The Seven Churches of Revelation - A Key to Church History?

https://taylormarshall.com/2024/01/1053-6th-age-antichrist-according-17th-century-mystic-holzhauser-podcast.html

Trumpite (and thus non-Traditionalist) Roman Catholic Taylor Marshall published this little promo video the other day. Though others have pointed this out, few Dispensationalists realize that the Seven Epochs of Church History schema (based on the Seven Churches of Asia Minor) finds its origin in Counter-Reformation Roman Catholicism. The same is actually true of the larger Dispensational scheme.

This is not to say that JN Darby derived his Dispensational system from figures like Holzhauser – to be honest I don't know. Those who argue that its antecedents are found with groups like the Joachimites are mistaken. His model is not the same at all. A similar 'Dispensational' scheme appeared among some later Pietists such as Pierre Poiret and even later with Edward Irving, but the earliest example (post-antiquity) or proto-type of its futurist eschatology is located in the Counter-Reformation.

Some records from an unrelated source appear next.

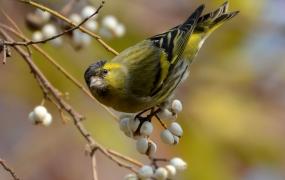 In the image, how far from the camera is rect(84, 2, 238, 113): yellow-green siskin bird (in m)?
3.24

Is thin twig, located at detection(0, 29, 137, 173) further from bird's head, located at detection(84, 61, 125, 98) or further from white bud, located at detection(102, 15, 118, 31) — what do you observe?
white bud, located at detection(102, 15, 118, 31)

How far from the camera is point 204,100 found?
193 inches

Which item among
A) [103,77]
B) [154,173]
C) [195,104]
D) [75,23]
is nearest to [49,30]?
[75,23]

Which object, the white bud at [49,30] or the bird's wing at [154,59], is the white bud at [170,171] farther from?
the white bud at [49,30]

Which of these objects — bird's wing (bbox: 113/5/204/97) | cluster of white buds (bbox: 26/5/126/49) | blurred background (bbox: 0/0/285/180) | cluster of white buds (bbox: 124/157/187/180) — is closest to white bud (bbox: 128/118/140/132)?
cluster of white buds (bbox: 124/157/187/180)

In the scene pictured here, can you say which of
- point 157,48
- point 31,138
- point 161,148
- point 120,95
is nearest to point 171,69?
point 157,48

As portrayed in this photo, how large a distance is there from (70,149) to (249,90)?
1483 mm

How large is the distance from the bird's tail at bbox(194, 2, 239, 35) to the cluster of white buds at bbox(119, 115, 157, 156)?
3.99 ft

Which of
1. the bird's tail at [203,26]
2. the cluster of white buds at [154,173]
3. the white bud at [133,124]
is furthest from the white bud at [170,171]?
the bird's tail at [203,26]

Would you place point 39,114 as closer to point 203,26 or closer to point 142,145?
point 142,145

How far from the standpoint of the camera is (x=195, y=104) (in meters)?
4.83

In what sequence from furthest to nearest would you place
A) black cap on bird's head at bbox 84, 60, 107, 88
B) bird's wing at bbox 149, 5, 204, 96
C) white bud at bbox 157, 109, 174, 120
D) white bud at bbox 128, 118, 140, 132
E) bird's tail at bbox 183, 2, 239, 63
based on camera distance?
bird's tail at bbox 183, 2, 239, 63, bird's wing at bbox 149, 5, 204, 96, black cap on bird's head at bbox 84, 60, 107, 88, white bud at bbox 157, 109, 174, 120, white bud at bbox 128, 118, 140, 132

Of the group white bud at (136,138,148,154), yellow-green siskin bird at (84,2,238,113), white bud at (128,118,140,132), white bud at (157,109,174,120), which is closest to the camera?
white bud at (136,138,148,154)

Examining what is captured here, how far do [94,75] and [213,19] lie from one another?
1092 mm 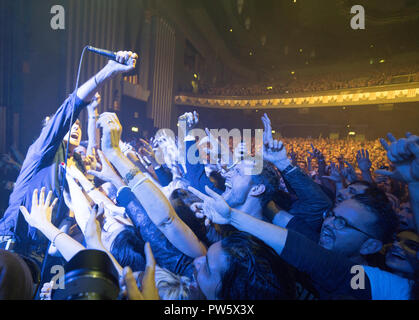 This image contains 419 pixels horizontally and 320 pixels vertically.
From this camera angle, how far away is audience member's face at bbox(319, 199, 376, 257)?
94 cm

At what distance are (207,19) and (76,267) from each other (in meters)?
5.43

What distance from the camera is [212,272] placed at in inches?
29.2

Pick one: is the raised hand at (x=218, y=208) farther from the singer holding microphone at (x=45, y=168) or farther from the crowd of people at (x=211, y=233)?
the singer holding microphone at (x=45, y=168)

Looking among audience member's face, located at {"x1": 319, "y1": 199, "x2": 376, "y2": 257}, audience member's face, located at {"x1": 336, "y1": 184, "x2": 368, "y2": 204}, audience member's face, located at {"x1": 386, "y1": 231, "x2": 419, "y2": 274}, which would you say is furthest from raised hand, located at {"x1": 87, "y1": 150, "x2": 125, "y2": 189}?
audience member's face, located at {"x1": 386, "y1": 231, "x2": 419, "y2": 274}

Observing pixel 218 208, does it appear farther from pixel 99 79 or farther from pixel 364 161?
pixel 364 161

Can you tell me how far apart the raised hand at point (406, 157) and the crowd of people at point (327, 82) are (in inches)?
241

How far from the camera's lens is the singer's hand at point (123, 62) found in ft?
3.79

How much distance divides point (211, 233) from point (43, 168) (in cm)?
126

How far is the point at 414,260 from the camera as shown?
0.88 metres

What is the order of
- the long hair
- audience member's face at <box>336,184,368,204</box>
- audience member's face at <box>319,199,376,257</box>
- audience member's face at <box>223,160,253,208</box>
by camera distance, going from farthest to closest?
1. audience member's face at <box>223,160,253,208</box>
2. audience member's face at <box>336,184,368,204</box>
3. audience member's face at <box>319,199,376,257</box>
4. the long hair

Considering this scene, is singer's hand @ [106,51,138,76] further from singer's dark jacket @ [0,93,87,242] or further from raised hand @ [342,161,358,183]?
raised hand @ [342,161,358,183]

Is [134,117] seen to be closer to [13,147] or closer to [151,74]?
[151,74]

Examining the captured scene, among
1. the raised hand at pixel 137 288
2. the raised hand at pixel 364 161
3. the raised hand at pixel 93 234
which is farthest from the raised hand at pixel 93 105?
the raised hand at pixel 364 161

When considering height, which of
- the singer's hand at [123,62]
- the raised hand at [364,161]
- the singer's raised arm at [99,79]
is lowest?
the raised hand at [364,161]
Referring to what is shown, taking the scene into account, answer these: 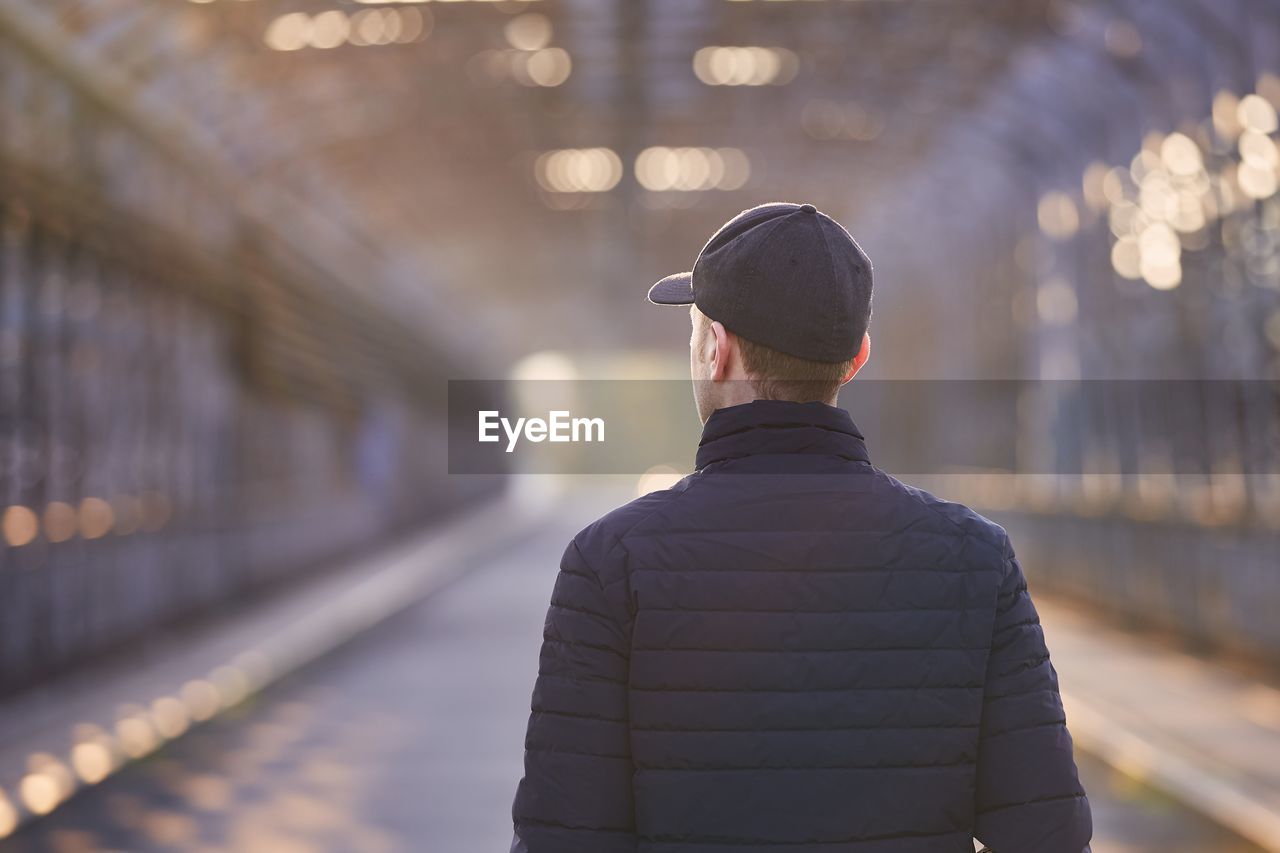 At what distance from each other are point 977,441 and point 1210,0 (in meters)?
10.0

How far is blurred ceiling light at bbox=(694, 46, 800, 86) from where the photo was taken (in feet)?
51.7

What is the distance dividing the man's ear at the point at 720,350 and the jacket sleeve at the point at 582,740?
0.91 feet

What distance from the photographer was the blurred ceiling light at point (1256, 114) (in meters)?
11.0

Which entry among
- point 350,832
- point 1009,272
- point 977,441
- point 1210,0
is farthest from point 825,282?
point 977,441

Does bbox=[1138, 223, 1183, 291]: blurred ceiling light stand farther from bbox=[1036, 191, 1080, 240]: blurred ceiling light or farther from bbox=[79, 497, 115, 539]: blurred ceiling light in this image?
bbox=[79, 497, 115, 539]: blurred ceiling light

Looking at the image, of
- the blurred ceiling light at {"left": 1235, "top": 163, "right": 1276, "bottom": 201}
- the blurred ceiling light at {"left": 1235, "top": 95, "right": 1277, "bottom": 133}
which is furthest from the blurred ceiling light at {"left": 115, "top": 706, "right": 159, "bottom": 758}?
the blurred ceiling light at {"left": 1235, "top": 95, "right": 1277, "bottom": 133}

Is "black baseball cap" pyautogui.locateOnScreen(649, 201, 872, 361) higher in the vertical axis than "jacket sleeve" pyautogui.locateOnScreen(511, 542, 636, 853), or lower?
higher

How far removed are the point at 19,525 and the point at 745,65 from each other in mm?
9153

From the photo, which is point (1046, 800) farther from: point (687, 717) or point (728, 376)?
point (728, 376)

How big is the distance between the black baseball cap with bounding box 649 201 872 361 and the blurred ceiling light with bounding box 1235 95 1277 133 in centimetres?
1001

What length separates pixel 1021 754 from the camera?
187 cm

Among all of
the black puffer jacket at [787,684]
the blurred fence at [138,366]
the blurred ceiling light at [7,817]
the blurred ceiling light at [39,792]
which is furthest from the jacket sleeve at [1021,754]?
the blurred fence at [138,366]

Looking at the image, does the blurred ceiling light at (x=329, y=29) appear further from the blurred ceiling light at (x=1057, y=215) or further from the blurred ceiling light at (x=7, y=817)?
the blurred ceiling light at (x=7, y=817)

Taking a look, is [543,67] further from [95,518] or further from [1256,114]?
[1256,114] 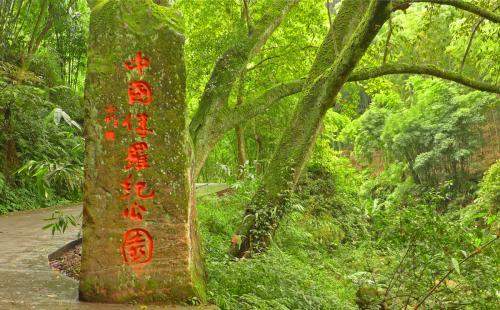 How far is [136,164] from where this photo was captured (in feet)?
14.3

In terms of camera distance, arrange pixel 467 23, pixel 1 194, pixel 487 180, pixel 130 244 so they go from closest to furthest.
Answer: pixel 130 244, pixel 467 23, pixel 1 194, pixel 487 180

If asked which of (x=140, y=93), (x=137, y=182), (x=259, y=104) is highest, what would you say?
(x=259, y=104)

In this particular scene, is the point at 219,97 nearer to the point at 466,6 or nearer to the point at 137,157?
the point at 137,157

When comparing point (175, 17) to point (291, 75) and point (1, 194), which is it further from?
point (291, 75)

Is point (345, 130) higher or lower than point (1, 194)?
higher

And to be fair it should be noted the Holzhauser schema being promoted by Taylor Marshall does not include the sine qua non of Darby-Scofield Dispensationalism – the primacy of the Jews and Judaism and their absolute separation from the Church. In fact as the Holzhauser example makes clear, one need not be a Dispensationalist to embrace the Church History view of the Seven Letters, though typically it is only Dispensationalists who embrace this (ironically) allegorical view.

It should be noted that the Holzhauser scheme (which is by no means embraced by all or even a majority of Roman Catholics) is totally arbitrary. One could just as easily argue for this or that date marking the epochal shifts. This is a fundamental problem with all historicist schemas. Holzhauser also assumes a great many things that I would argue on the basis of the New Testament can and must be rejected. Contrary to the assumptions found in his scheme, Constantine and Charlemagne are not heroes of the faith but representatives of False Christianity. Holzhauser is thus a false prophet.

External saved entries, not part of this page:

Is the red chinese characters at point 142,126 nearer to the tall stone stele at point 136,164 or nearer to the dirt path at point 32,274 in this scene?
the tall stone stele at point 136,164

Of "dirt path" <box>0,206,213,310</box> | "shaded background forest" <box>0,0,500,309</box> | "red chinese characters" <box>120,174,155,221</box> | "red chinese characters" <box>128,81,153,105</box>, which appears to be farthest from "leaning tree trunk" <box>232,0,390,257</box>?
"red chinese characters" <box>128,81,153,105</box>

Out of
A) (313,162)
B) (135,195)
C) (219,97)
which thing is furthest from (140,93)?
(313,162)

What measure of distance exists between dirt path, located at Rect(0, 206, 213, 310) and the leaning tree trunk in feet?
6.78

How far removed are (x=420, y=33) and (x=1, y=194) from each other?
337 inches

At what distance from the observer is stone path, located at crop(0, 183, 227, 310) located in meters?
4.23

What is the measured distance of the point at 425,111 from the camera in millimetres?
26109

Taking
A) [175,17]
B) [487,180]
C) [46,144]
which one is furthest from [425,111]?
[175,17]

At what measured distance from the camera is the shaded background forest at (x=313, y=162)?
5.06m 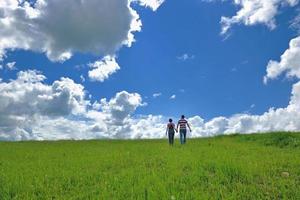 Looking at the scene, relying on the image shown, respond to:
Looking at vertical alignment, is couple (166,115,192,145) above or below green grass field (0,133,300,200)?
above

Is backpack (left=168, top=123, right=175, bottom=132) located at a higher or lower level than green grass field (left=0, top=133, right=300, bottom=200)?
higher

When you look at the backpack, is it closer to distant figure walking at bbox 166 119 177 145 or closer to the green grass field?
distant figure walking at bbox 166 119 177 145

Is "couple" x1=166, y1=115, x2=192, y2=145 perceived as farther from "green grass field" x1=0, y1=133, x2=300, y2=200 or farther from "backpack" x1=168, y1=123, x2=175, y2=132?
"green grass field" x1=0, y1=133, x2=300, y2=200

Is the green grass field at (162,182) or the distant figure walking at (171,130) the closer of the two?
the green grass field at (162,182)

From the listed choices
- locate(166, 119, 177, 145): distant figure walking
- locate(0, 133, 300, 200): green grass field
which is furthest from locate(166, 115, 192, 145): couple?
locate(0, 133, 300, 200): green grass field

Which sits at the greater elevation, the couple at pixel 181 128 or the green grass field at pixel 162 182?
the couple at pixel 181 128

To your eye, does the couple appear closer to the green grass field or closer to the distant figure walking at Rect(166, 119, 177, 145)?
the distant figure walking at Rect(166, 119, 177, 145)

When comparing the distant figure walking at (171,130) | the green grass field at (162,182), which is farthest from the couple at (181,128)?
the green grass field at (162,182)

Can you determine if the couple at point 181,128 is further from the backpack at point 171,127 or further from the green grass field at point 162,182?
the green grass field at point 162,182

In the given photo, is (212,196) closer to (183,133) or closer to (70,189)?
(70,189)

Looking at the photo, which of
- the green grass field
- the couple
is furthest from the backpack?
the green grass field

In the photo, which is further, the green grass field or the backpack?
the backpack

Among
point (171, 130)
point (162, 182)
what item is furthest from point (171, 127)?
point (162, 182)

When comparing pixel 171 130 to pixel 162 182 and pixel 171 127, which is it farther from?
pixel 162 182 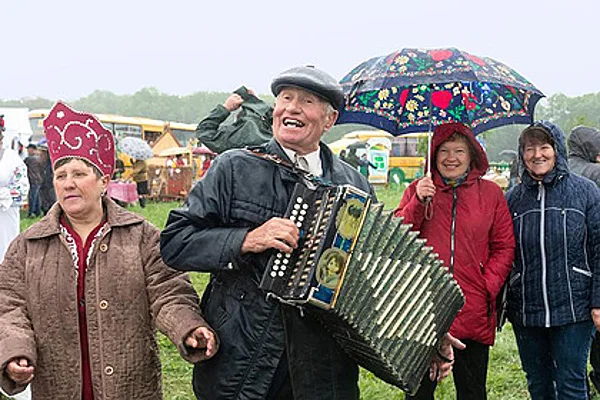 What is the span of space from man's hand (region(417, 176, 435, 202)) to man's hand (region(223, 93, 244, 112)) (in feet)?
7.41

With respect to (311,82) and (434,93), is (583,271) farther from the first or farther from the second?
(311,82)

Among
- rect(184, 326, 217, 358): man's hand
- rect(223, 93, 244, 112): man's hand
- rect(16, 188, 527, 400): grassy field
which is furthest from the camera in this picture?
rect(223, 93, 244, 112): man's hand

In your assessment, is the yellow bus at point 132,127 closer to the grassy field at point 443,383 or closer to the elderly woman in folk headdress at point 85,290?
the grassy field at point 443,383

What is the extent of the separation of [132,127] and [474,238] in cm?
2500

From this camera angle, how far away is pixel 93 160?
2803mm

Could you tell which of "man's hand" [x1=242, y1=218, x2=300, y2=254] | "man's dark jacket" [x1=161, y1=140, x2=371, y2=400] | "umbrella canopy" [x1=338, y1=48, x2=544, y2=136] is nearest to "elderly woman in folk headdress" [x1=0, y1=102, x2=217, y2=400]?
"man's dark jacket" [x1=161, y1=140, x2=371, y2=400]

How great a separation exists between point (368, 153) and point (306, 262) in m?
33.5

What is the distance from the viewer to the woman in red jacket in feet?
11.9

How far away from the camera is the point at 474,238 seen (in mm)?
3619

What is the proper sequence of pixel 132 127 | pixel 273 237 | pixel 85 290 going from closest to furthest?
pixel 273 237, pixel 85 290, pixel 132 127

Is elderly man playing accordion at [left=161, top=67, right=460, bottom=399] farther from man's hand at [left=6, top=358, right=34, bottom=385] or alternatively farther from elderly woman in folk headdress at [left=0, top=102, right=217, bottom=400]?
man's hand at [left=6, top=358, right=34, bottom=385]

The still popular Dispensationalist model is likewise arbitrary. Most today will argue that we're in the so-called 'Laodicean Church Age' and yet I remember my late Fundamentalist grandparents arguing that we were in the Philadelphian epoch. They were seemingly convinced that the Church of their day was zealous and faithful. Locating the present in the so-called Laodicean Age panders to the notions that we must be in the 'end times' – proximate to the Rapture. Sadly, this school of thought has greatly misunderstood even this notion of 'end times'. In the New Testament the label of 'last days' applies to what we could call the Church Age, the entire period between the First and Second Advents of Christ. So technically they're right – we are in the 'end times' or more properly 'Last Days'. But so were Paul, Origen, Augustine, Joachim, Luther, Wesley, and so forth.

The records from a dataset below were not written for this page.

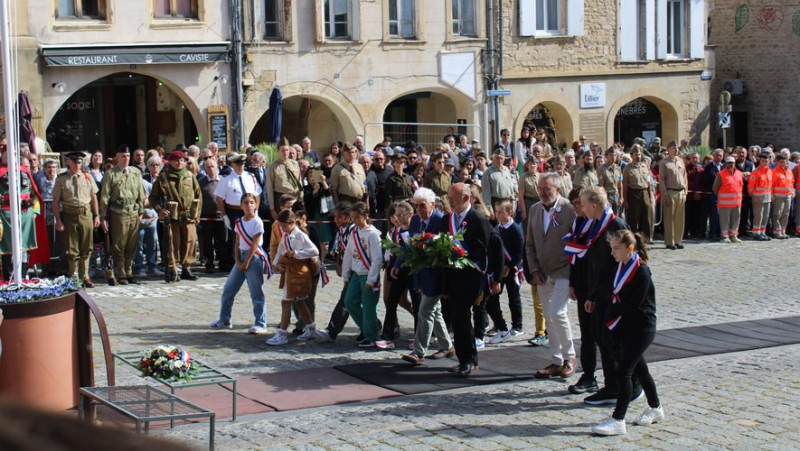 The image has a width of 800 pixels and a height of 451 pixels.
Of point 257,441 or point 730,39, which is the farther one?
point 730,39

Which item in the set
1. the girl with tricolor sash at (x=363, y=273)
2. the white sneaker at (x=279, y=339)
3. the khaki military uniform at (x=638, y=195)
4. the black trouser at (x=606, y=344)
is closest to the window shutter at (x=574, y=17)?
the khaki military uniform at (x=638, y=195)

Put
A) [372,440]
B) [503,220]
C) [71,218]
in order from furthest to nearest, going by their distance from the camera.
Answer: [71,218] < [503,220] < [372,440]

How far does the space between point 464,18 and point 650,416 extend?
21.2m

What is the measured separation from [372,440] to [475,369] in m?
2.52

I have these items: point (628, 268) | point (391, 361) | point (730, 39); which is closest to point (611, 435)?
point (628, 268)

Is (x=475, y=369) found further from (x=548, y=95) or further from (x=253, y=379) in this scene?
(x=548, y=95)

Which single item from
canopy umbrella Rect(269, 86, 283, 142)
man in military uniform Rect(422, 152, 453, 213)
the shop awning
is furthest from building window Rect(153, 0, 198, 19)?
man in military uniform Rect(422, 152, 453, 213)

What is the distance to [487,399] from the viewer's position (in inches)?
354

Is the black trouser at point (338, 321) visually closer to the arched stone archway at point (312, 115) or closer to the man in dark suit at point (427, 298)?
the man in dark suit at point (427, 298)

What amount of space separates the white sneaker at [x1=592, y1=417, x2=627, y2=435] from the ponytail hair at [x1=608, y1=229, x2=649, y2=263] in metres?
1.23

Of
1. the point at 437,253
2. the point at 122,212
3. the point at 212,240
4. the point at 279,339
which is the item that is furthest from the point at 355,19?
the point at 437,253

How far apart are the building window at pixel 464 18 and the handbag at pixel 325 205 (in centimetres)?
1180

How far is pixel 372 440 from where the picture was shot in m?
7.68

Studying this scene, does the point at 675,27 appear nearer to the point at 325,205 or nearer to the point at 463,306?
the point at 325,205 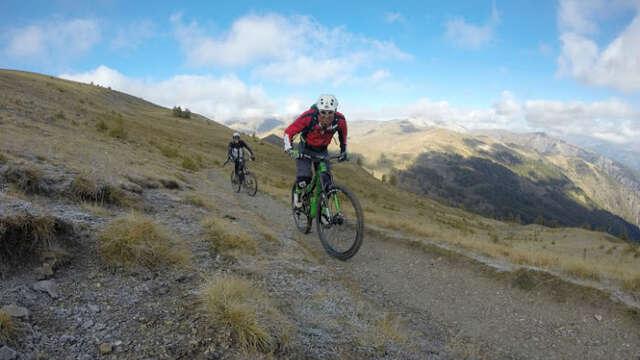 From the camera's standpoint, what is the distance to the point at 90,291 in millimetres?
3965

At least (it could be argued) the Roman-Holzhauser model relies on a prophet (of sorts) and therefore has a kind of authority that the Dispensationalist model does not and cannot possess. I am of course being facetious, but if the assumption is valid, then Roman Catholics who embrace the schema could at least rest on that foundation as opposed to the mere conjecture found in modern Dispensationalism.

There's no way you can assign the ages on any kind of objective basis. For example we could still be in the very first or second age. There's no way to know.

The whole approach is wrong and when it's wedded to other forms of bad theology the end result is not a happy one.

One could argue that as Revelation represents a repeat and recapitulation of Church history (the Last Days), the Seven Churches of Asia might in fact represent something we should expect to find at all times – more or less. Rather than view them in chronologically successive terms, instead we should see them as a pattern that repeats and rearranges itself over and over again. We see these 'types' of churches all throughout Church history – and it is noteworthy that in most cases, the report is not a good one. In keeping with what the rest of the New Testament suggests, the period is marked by unfaithfulness, error, and warnings in the face of potential apostasy – and yet with glimmers of hope and a recurring faithful remnant.